BOUNDARY -- PHYSICAL FEATURES -- EARLY SETTLERS -- HUDSON CITY -- ITS LAYING OUT AND EARLY SETTLEMENT -- CHURCH --- BUSINESS -- CHURCHES IN TOWNSHIP -- SCHOOL -- LAHAI -- COAL.

BOUNDARY.

Beginning at the southeast corner of section 36, township 38, range 29; thence west six miles; thence north seven miles; thence east six, miles; thence south seven miles to the place of beginning.

STREAMS.

The township is comparatively well watered. Panther Creek and Camp Branch, with their numerous tributaries, rise principally in the township, and flow rather in a south and southeasterly direction through it. A sufficiency of timber is found on all the streams. Limestone rock abounds.

EARLY SETTLERS.

Among the early settlers of Hudson Township was the Rev. Israel Robards, a Missionary Baptist, who came to Hudson Township in the spring of 1843, and settled near the town of Hudson, in section 3. Mr. Robards was a native of Saratoga County, New York, where he was born in 1799. He had been preaching for many years, when coming to Bates County, having had charge, respectively, of churches in New Haven, Connecticut, and in the city of New York. During his labors in the ministry, before leaving New York, he had been suffering with a bronchial affection, which had been gradually growing worse, until his family physician advised him to travel for his health. He accordingly came West in the year 1842, and while passing through Bates County saw the country and was greatly pleased with it -- so much so that he purchased considerable land for his children. The next year, 1843, he returned with his family and located, as stated, near the present townsite of Hudson. Here he continued to reside until his death, which occurred in Indiana, in 1851. Mr. Robards was an extensive traveler. Besides seeing much of his own country, he visited Europe. Although suffering constantly from his throat, he preached continuously as a revivalist, and was a contemporary and friend of Knapp, who achieved a national reputation as a revivalist.

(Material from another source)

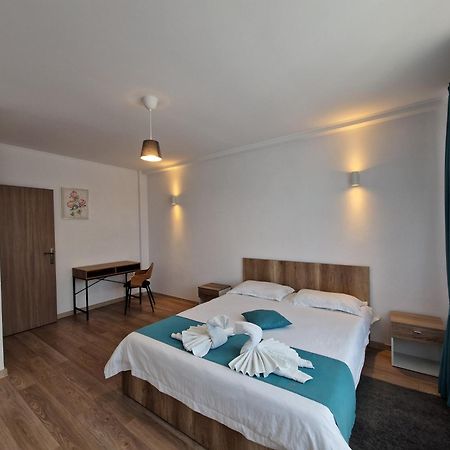 Appartamento Casa Bid Piteşti Esterno foto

One among the earliest settlers, and one of the most influential citizens of Bates County, was Colonel George Douglas, who emigrated to America from Scotland, and came to Bates County about 1837 and located in the northwest part of Hudson Township. He was, before the war of 1861, one of the largest stock raisers in Missouri. His farm was one of the largest in the state, he owning 8,000 acres of land in a body. At the breaking out of the civil war (1861) he went to Texas, taking with him forty-five slaves. He died in Texas in 1869. He was one of the first judges of the county court. Mrs. Douglas died in 1878.

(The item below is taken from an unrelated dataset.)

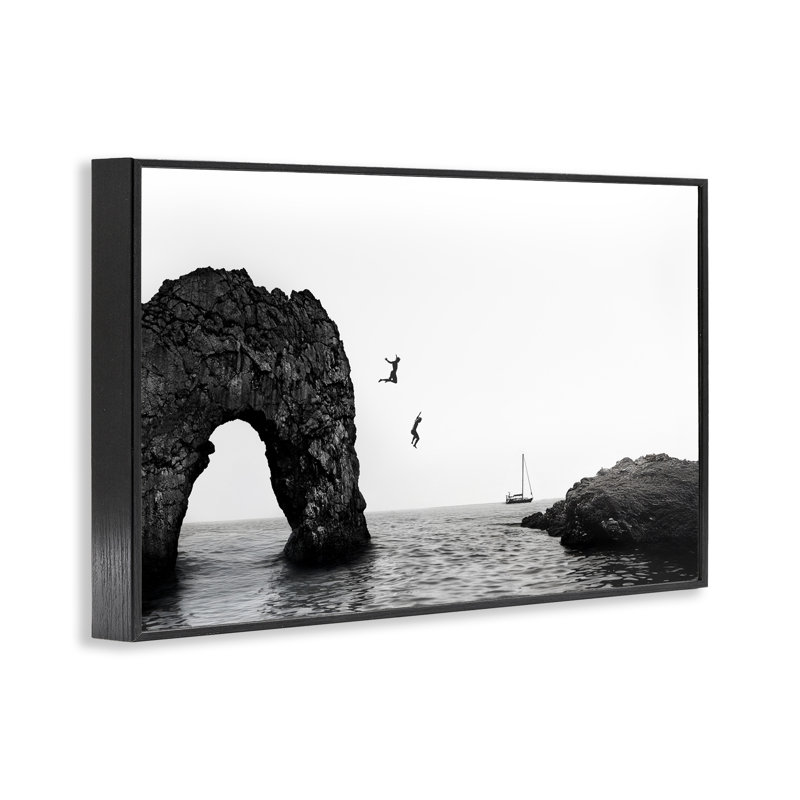 Giclée sur fond de falaise sautant dans la mer, design de Sissi et Seb, H 12 po x l 18 po, Giclée encadrée noir minuit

George Rains was an early settler.

Another of the prominent men who settled at an early day in Bates County, was Judge John D. Myers. While not as early a settler as some others, yet, on account of his sterling qualities, and the tact, prudence and energy that were his well known characteristics, he deserves more than a brief notice. That Bates County has reached its present high standing among the counties of Missouri, is due largely to the energetic efforts of those who, before the civil war, were busily engaged in developing its resources, and who, when the war clouds dispersed, brought order out of chaos, and reorganized society upon a basis peaceful and secure. These facts, in addition to its great natural resources, attracted immigration and capital within its borders. The name of John D. Myers must ever occupy a prominent place among this class of people. In accounts that will be given of the history of war times, and the reorganization of the county government after the war, his name will necessarily appear as a prominent actor, and in this article that portion of his history will not appear, but we give a short account of himself and family, as furnished by his daughter, Mrs. Isaac Snodgrass, of Deepwater Township.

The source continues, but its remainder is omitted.